Which lines make up the answer? Those from the line with "Автоматичний вимикач ABB" through the end of the data; reproduce them exactly.

Dataset excerpts:
[Start of Attachment]
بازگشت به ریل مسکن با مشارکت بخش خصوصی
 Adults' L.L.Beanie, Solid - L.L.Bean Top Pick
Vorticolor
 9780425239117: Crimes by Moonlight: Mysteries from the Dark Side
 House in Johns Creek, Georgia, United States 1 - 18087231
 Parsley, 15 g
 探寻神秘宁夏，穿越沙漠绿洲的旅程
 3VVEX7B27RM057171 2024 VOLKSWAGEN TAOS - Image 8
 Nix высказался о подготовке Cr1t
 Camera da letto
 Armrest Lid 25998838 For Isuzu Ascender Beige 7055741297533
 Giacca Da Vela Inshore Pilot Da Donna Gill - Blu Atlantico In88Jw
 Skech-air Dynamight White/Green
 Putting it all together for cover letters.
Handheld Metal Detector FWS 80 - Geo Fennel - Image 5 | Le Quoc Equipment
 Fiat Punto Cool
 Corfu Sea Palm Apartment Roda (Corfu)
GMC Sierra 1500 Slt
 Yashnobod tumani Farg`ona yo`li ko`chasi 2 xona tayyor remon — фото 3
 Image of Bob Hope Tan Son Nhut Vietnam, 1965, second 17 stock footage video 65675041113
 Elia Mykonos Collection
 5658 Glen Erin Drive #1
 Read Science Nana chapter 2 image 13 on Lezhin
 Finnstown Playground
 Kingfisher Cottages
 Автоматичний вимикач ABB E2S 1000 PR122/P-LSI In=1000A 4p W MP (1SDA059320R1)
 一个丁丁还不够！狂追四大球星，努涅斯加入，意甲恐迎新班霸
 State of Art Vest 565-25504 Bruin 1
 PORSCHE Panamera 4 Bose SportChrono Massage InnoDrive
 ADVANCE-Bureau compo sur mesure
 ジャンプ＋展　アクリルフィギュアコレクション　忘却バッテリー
[End of Attachment]
EXERCISE RESPONSE:
 Автоматичний вимикач ABB E2S 1000 PR122/P-LSI In=1000A 4p W MP (1SDA059320R1)
 一个丁丁还不够！狂追四大球星，努涅斯加入，意甲恐迎新班霸
 State of Art Vest 565-25504 Bruin 1
 PORSCHE Panamera 4 Bose SportChrono Massage InnoDrive
 ADVANCE-Bureau compo sur mesure
 ジャンプ＋展　アクリルフィギュアコレクション　忘却バッテリー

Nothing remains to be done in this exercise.